Die Süddeutsche Zeitung berichtet einfach darüber, dass Amazon dort ein Logistikzentrum errichten, und die gefällten Bäume an anderer Stelle wieder aufforsten wird.
Der Bayerische Rundfunk berichtet etwas ausführlicher über Pläne und aufkommende Sorgen und Kritik.
Die regionale idowa-Zeitungsgruppe stellt die Bürgerinitiative vor.
Der regionale TV-Sender, tvaktuell, (unbedingt empfohlen!) hat den Vorsitzenden der Bügerinitiative sowie die Bürgermeisterin der Gemeinde Rohr und einen Vertreter des BUND Naturschutz interviewt.
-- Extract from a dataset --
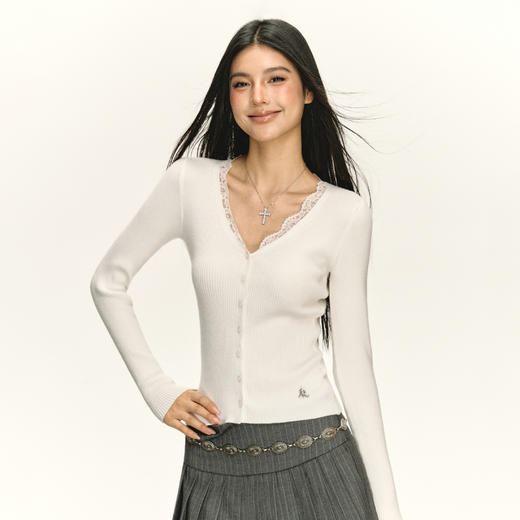 Ariseism 美式复古设计感拼接蕾丝花边薄款针织开衫 商品图0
Eine gute und informative Gegenüberstellung der Standpunkte (nach der Werbepause geht es bei Minute 8:40 weiter)
Auch wenn es scheinbar um ein nur regional interessierendes Thema geht: Was hier in Niederbayern geschieht ist symptomatisch für den Umbau unserer gesamten Versorgungs-Infrastruktur, in der es nach der Konzentration der Lebensmittelhersteller auf nur noch eine Handvoll Unternehmen und der gleich erschreckenden Konzentration im Bereich der Supermarkt-Betreiber, nun zu einer Konzentration der Versorgung mit allen kurz- und langlebigen Non-Food-Artikeln, von der Zahnbürste über Schuhe und Bekleidung bis zum Rasentraktor, in der Hand des Riesen Amazon, neben dem nur wenige Spezialversender und stationäre Fach-Einzelhändler noch überleben können.
Ich bleibe am Ball. Nennen Sie es meinetwegen „EWK-regional“ – schließlich liegen zwischen Abensberg und Elsendorf auch nur 12 Kilometer.